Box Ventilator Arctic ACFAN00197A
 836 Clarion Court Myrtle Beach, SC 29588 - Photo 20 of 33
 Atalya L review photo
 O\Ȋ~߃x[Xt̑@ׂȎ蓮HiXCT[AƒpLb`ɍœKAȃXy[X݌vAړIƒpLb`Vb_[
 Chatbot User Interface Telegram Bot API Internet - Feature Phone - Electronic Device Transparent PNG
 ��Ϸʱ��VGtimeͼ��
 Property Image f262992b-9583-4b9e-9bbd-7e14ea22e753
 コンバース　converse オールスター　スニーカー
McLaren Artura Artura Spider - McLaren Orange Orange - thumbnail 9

§ §

Instructions to follow:
Retype exactly, please, only the lines of the entries that run from the one containing "Chatbot User Interface" to the last.

Finished task:
 Chatbot User Interface Telegram Bot API Internet - Feature Phone - Electronic Device Transparent PNG
 ��Ϸʱ��VGtimeͼ��
 Property Image f262992b-9583-4b9e-9bbd-7e14ea22e753
 コンバース　converse オールスター　スニーカー
McLaren Artura Artura Spider - McLaren Orange Orange - thumbnail 9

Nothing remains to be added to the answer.